EUR/USD Holds at 1.1650, Powell’s Exit Fuels Bullish Push to 1.18

The EUR/USD pair continued its measured ascent this week, moving from 1.1630 to 1.1643, reaching intraday peaks at 1.1682 before pulling back slightly as Friday’s session concluded. This gradual increase indicates a buildup in anticipation of the Federal Open Market Committee meeting scheduled for December 11, 2025. Market participants expect a 25-basis-point reduction, resulting in the federal funds rate falling to 3.5%–3.75%, leading to renewed weakness in the U.S. dollar. The euro is experiencing positive momentum due to regional inflows and a rise in industrial sentiment within the Eurozone, which supports short-term demand in the range of 1.1620–1.1650. The evolving political and institutional framework within the Federal Reserve is reshaping market sentiment. Jerome Powell’s tenure, concluding in spring 2026, is already influencing expectations. The anticipated successor is expected to embrace a more lenient strategy should inflation stay under 2%, indicating a significant departure from Powell’s measured stance. The U.S. Dollar Index has declined below 99.80, marking its lowest point since September, which has contributed to the stabilization of EUR/USD around 1.1650.

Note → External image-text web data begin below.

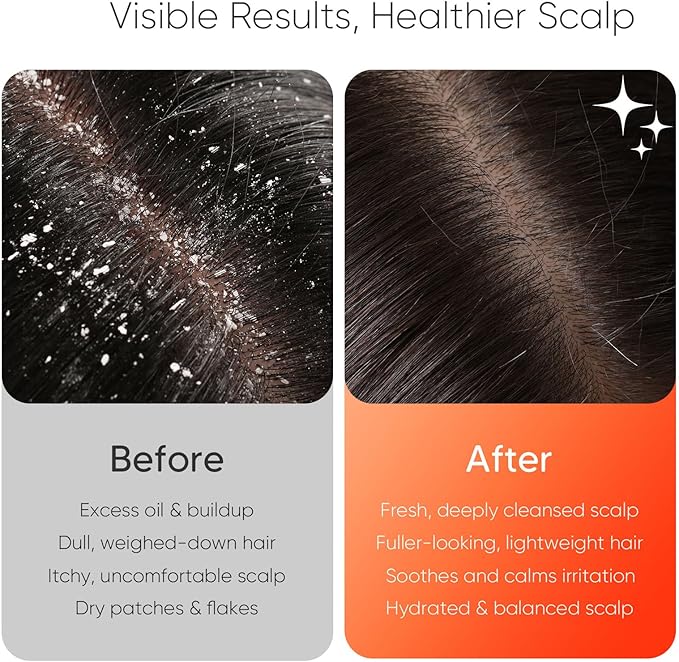 EKZ Sonic Vibrating Scalp Massager Shampoo Brush: Electric Silicone Hair Scrubber for Deep Scalp Clean, Dandruff Removal, Exfoliation, Stress Relief & Hair Growth –Suitable for Women, Men, Kids & Pets EKZ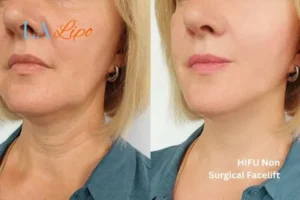 hi-fu for wrinkles Hounslow West before and after results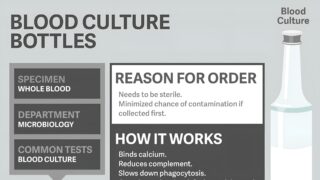 Order of Draw Matters: Phlebotomy Tips for Reliable Test Results by Naveed Hussain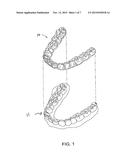 ORTHODONTIC TOOTH MOVEMENT DEVICE, SYSTEMS AND METHODS diagram and image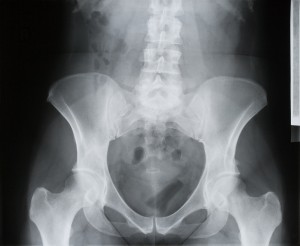 Radiographie du bassin avec le squelette, utile pour un ostéopathe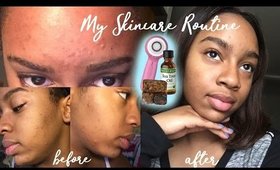 My Simple 3-Step Skincare Routine | How I Cleared My Acne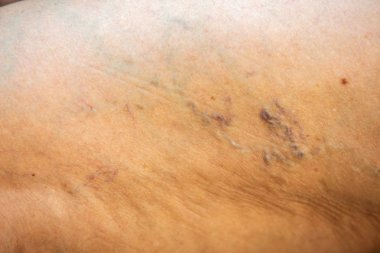 Yaşlı kadınlarda varisli damarlar, Makro şutu kapat, seçici odak, Asya vücut parçası, sağlık sigortası konsepti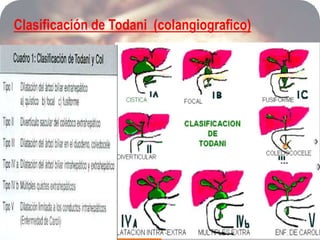 REVISION DE QUISTE COLEDOCO | PPTX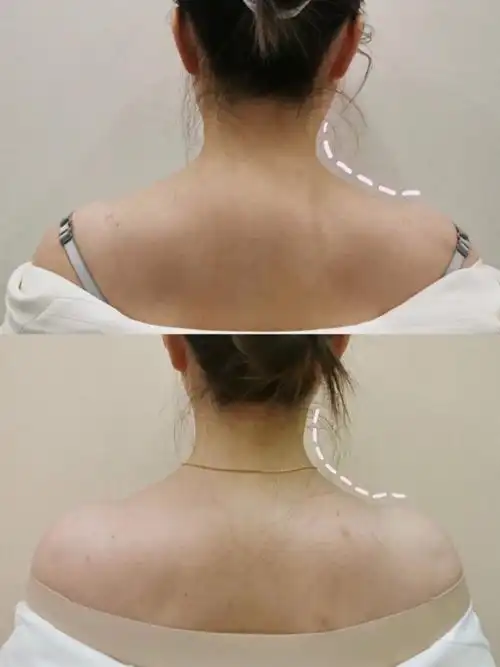 直到今天,拍照片对比发现还是瘦了的,有点小开心～所以赶紧过来分享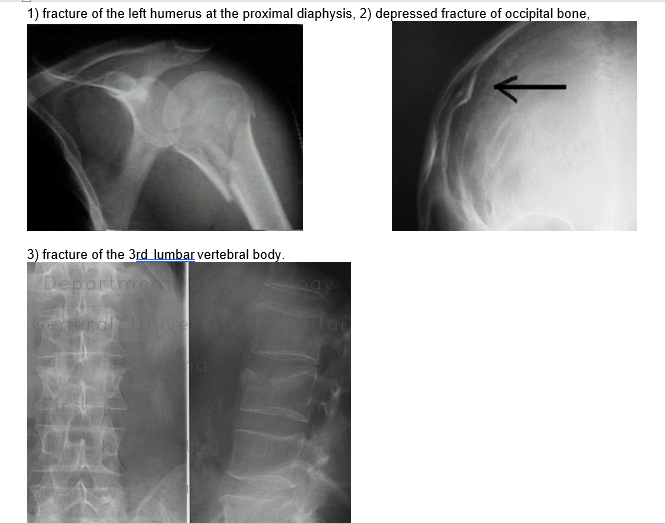 a case study on bone tissue structure and repair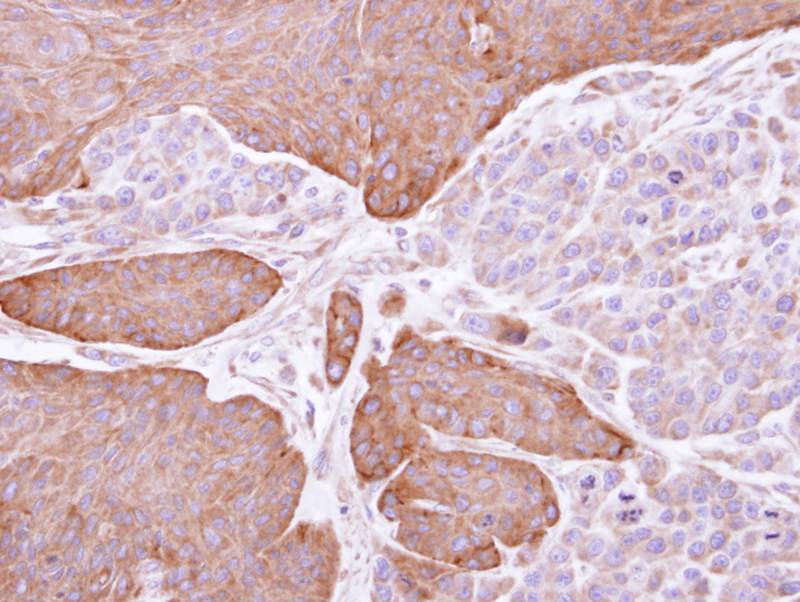Epoxide hydrolase 1 antibody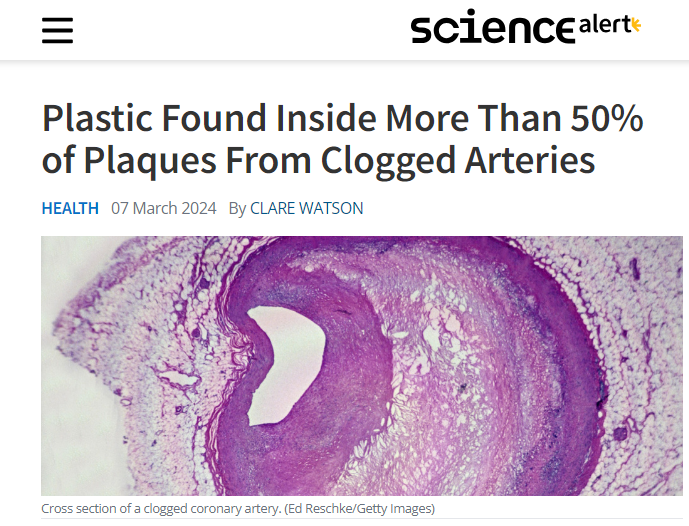 NateB_Panic's tweet photo. Researchers extracted arterial plaques from 257 patients. 50% contained microplastics. Those with microplastics in plaques were 4.5x more likely to have a stroke or die in the 3 years after plaque removal, indicating the plastics had triggered systemic inflammatory processes ☠️ https://t.co/rE9ivr2aof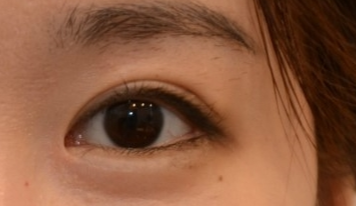 開眼角有效果嗎？開眼角有哪些危害？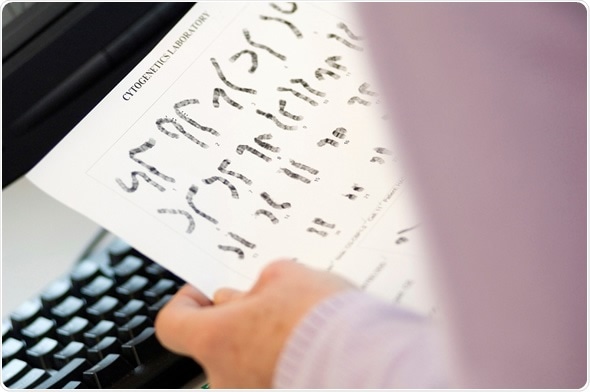 Researcher holding cytogenetic pictures of chromosomes - Image Copyright: RHIMAGE / Shutterstock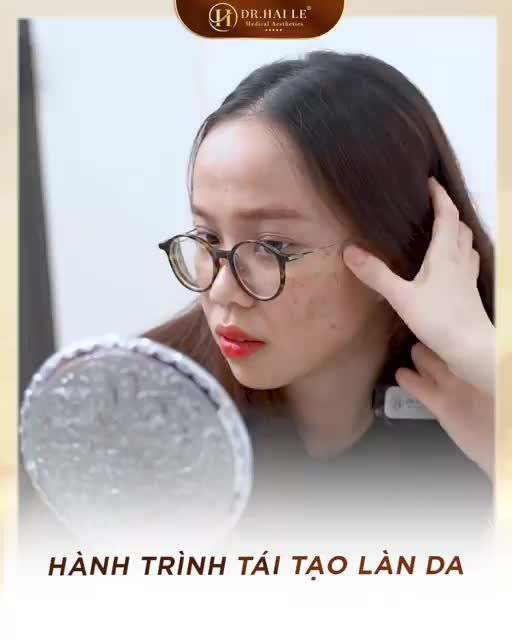 Meso-RBA Dr.Hải Lê, sở hữu làn da khỏe xinh chỉ sau 1 liệu trình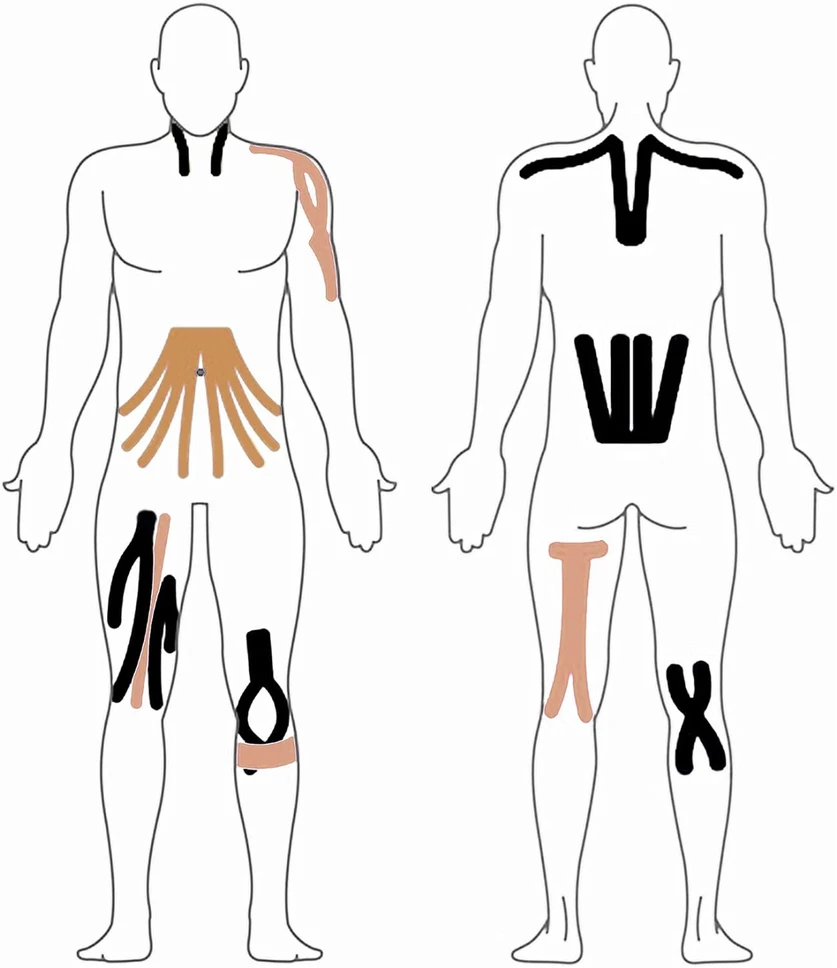 Plastry Kineziologinis teipas, kinesio pleistras 5cmx5m, geltonas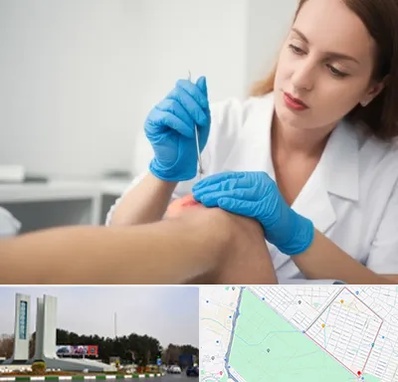 متخصص زخم در بلوار فلسیطین مشهد 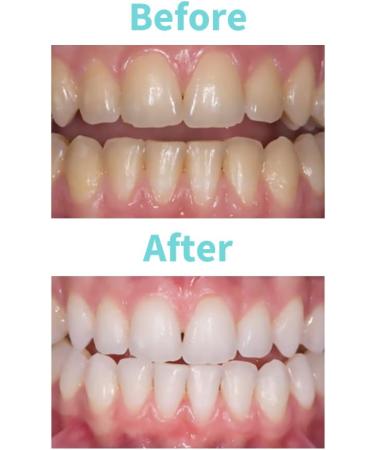 White Dental Beauty Teeth Whitening Gel Refill | 2 x 3ml Syringes | Novon Technology (6% Hydrogen Peroxide) - Buy Online on GoSupps.com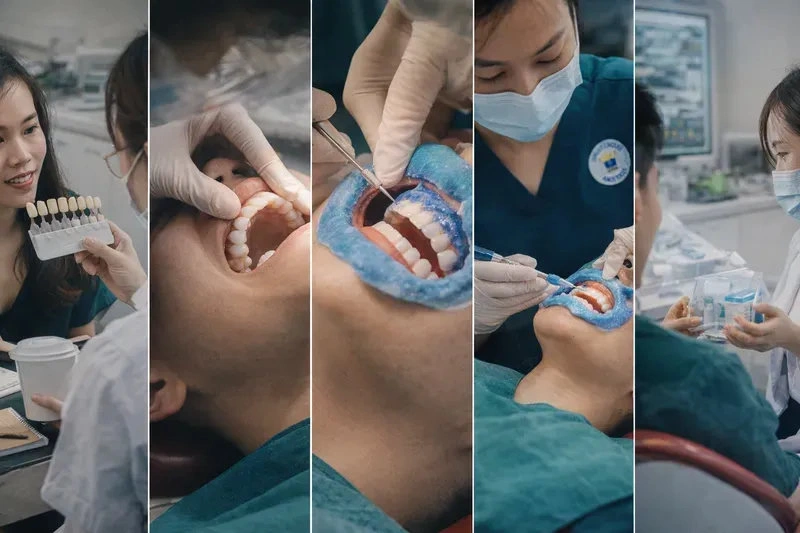 Quy trình tẩy trắng răng tại nha khoa theo chuẩn an toàn (từng bước)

The European Central Bank has kept its deposit rate steady at 3.75%, as inflation in the eurozone has decreased to 2.2% year-over-year, marking the lowest rate in four years. Decreased energy expenses and diminished import pressures have bolstered the euro’s underlying fundamentals. Simultaneously, eurozone industrial output increased by 0.6% month-over-month, and Germany’s PMI advanced to 49.8, indicating potential recovery. The correlation between the euro and the Stoxx 600 Index has risen to 0.73, indicating an increased investor interest in European assets as capital shifts away from the U.S. The EUR/USD trend continues to exhibit a structurally bullish outlook as long as the price remains above 1.1590, the level that facilitated the last significant breakout. The pair is presently fluctuating within a consolidation range of 1.1600 to 1.1700. A strong close above 1.1700 could propel the rally toward 1.1740, whereas a retreat below 1.1590 might trigger profit-taking around 1.1535. The 50-day EMA at 1.1560 remains a key support level for short-term bullish momentum, with algorithmic models pinpointing 1.1668 as the essential pivot for further movement toward 1.1725.

Recent U.S. economic indicators indicate a deceleration in growth. Nonfarm Payrolls increased by just 142,000, while the unemployment rate rose to 4.1%, marking its highest level since 2021. Meanwhile, U.S. 2-year Treasury yields decreased to 4.28%, while German Bunds held steady at approximately 2.23%, resulting in the yield spread narrowing to its tightest level in 10 months — a significant bullish factor for EUR/USD. Simultaneously, the eurozone’s current account surpluses have increased to €31.5 billion, offering further currency support via inflows backed by exports. CFTC data indicate that net-long euro contracts have risen for the third straight week, now reaching +1.07 million, up from +111,800 the previous week — a definitive indication of institutional accumulation. Option markets indicate significant call positioning above 1.17 for December expiry, suggesting expectations of a measured upward movement. If the Fed adopts a dovish stance next week, traders expect a swift approach to 1.1740 and possibly 1.1800.

Liquidity clusters are focused within the range of 1.1620–1.1650, indicating areas of institutional demand. A move above 1.1700 may trigger stop orders targeting 1.1740, whereas a failure to hold above 1.1610 could lead to a decline toward 1.1550, which represents the 38.2% Fibonacci retracement of the November rally. The EUR/USD volatility index indicates a low level, reflecting a phase of steady accumulation instead of speculative excitement. Europe’s natural gas reserves, currently at 86% capacity, mitigate energy-related downside risks for the euro, while a depreciating dollar continues to enhance trade balances. Nonetheless, the possibility of U.S. fiscal instability and the resurgence of trade tensions with China may introduce short-term fluctuations in global currency markets. If the DXY were to rebound toward 100.40, the euro could encounter temporary resistance before regaining strength above 1.17. All macro and technical indicators suggest a continued strengthening of the euro through early 2026. The ongoing structural weakening of the USD, alongside the strengthening fundamentals in the eurozone, indicates a likely continuation of the upward trend. The key price levels to monitor are 1.1590, which serves as base support, and 1.1740, acting as the resistance trigger. A confirmed break above 1.1740 would pave the way toward 1.1800–1.1850, indicating a possible 2% upside extension.